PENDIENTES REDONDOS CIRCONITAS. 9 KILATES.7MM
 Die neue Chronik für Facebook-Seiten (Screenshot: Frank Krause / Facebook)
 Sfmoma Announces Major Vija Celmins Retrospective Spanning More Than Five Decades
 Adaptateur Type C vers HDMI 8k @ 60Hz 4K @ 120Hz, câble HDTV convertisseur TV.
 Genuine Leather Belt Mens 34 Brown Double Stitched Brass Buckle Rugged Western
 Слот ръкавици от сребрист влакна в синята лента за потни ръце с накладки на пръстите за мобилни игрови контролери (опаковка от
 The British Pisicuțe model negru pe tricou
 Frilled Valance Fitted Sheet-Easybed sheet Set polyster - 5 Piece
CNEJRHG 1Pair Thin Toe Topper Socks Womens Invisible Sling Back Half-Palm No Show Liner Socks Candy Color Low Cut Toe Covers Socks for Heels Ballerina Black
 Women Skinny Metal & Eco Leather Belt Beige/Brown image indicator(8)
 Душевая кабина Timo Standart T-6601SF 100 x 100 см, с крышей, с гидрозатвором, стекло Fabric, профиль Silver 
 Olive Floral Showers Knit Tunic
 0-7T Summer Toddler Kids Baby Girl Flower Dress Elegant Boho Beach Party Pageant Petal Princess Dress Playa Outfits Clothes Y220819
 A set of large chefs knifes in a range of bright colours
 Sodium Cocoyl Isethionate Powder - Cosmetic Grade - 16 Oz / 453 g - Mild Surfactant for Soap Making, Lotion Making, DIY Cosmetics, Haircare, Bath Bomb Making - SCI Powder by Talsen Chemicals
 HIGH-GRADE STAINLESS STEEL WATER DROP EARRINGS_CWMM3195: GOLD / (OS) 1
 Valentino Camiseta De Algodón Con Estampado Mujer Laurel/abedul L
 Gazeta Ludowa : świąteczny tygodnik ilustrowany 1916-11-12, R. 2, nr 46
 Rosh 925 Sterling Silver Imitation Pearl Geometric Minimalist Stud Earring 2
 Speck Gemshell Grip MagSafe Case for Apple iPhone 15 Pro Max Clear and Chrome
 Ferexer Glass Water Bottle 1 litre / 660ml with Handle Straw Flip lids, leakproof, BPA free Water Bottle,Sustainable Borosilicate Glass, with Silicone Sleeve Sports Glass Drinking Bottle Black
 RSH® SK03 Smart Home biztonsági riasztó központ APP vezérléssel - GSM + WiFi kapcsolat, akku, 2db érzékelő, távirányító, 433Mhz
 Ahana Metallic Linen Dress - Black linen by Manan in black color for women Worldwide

########################################

Having read the entries above, set each one down again exactly.

PENDIENTES REDONDOS CIRCONITAS. 9 KILATES.7MM
 Die neue Chronik für Facebook-Seiten (Screenshot: Frank Krause / Facebook)
 Sfmoma Announces Major Vija Celmins Retrospective Spanning More Than Five Decades
 Adaptateur Type C vers HDMI 8k @ 60Hz 4K @ 120Hz, câble HDTV convertisseur TV.
 Genuine Leather Belt Mens 34 Brown Double Stitched Brass Buckle Rugged Western
 Слот ръкавици от сребрист влакна в синята лента за потни ръце с накладки на пръстите за мобилни игрови контролери (опаковка от
 The British Pisicuțe model negru pe tricou
 Frilled Valance Fitted Sheet-Easybed sheet Set polyster - 5 Piece
CNEJRHG 1Pair Thin Toe Topper Socks Womens Invisible Sling Back Half-Palm No Show Liner Socks Candy Color Low Cut Toe Covers Socks for Heels Ballerina Black
 Women Skinny Metal & Eco Leather Belt Beige/Brown image indicator(8)
 Душевая кабина Timo Standart T-6601SF 100 x 100 см, с крышей, с гидрозатвором, стекло Fabric, профиль Silver 
 Olive Floral Showers Knit Tunic
 0-7T Summer Toddler Kids Baby Girl Flower Dress Elegant Boho Beach Party Pageant Petal Princess Dress Playa Outfits Clothes Y220819
 A set of large chefs knifes in a range of bright colours
 Sodium Cocoyl Isethionate Powder - Cosmetic Grade - 16 Oz / 453 g - Mild Surfactant for Soap Making, Lotion Making, DIY Cosmetics, Haircare, Bath Bomb Making - SCI Powder by Talsen Chemicals
 HIGH-GRADE STAINLESS STEEL WATER DROP EARRINGS_CWMM3195: GOLD / (OS) 1
 Valentino Camiseta De Algodón Con Estampado Mujer Laurel/abedul L
 Gazeta Ludowa : świąteczny tygodnik ilustrowany 1916-11-12, R. 2, nr 46
 Rosh 925 Sterling Silver Imitation Pearl Geometric Minimalist Stud Earring 2
 Speck Gemshell Grip MagSafe Case for Apple iPhone 15 Pro Max Clear and Chrome
 Ferexer Glass Water Bottle 1 litre / 660ml with Handle Straw Flip lids, leakproof, BPA free Water Bottle,Sustainable Borosilicate Glass, with Silicone Sleeve Sports Glass Drinking Bottle Black
 RSH® SK03 Smart Home biztonsági riasztó központ APP vezérléssel - GSM + WiFi kapcsolat, akku, 2db érzékelő, távirányító, 433Mhz
 Ahana Metallic Linen Dress - Black linen by Manan in black color for women Worldwide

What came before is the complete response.